# The problem
From the entries below, reproduce exactly the lines from the one with "Inep estuda aplicar" through the one with "Grade II listed London home River Thames", both included, without images.

Top of Provided records

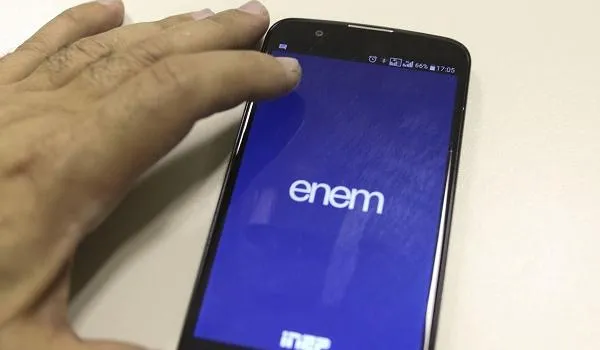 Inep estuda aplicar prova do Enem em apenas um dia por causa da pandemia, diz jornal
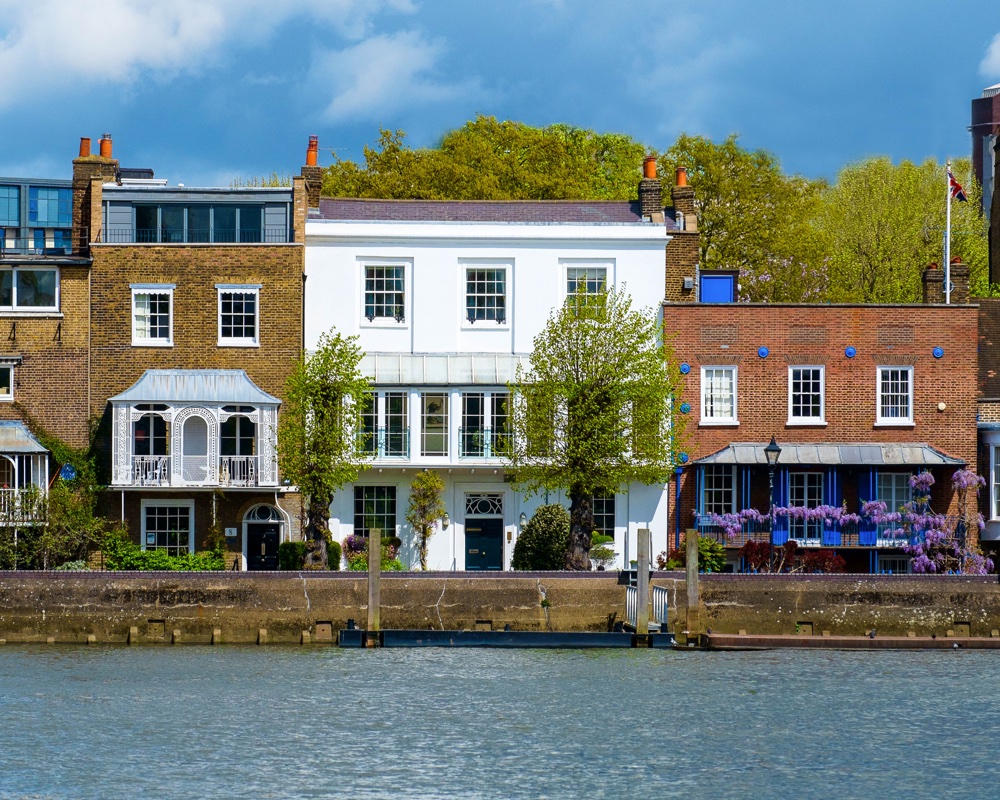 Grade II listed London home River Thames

Bottom of Provided records
Top of Provided records

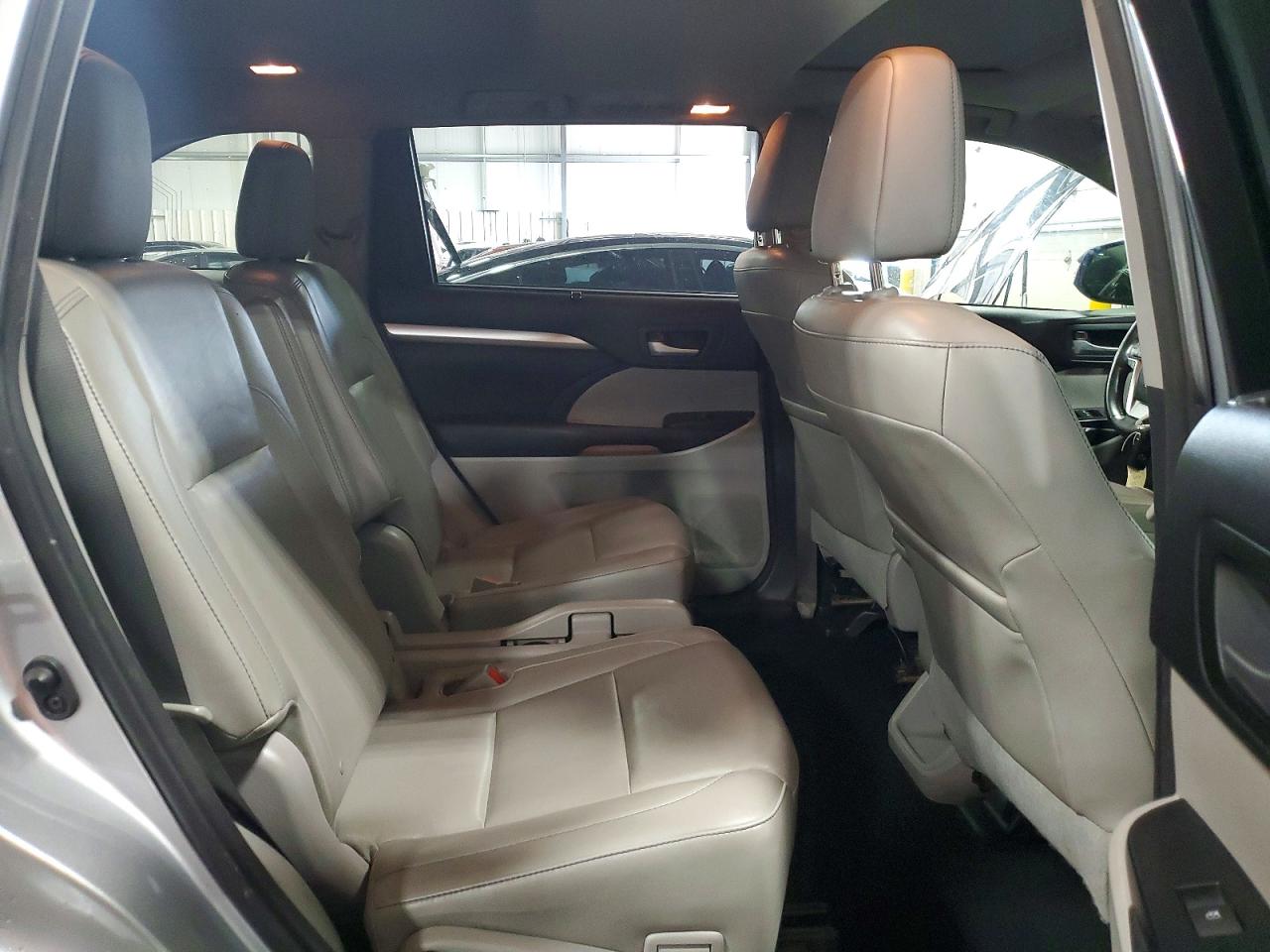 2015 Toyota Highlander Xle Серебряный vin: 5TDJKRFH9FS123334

Bottom of Provided records

# Answer to the exercise
 Inep estuda aplicar prova do Enem em apenas um dia por causa da pandemia, diz jornal
 Grade II listed London home River Thames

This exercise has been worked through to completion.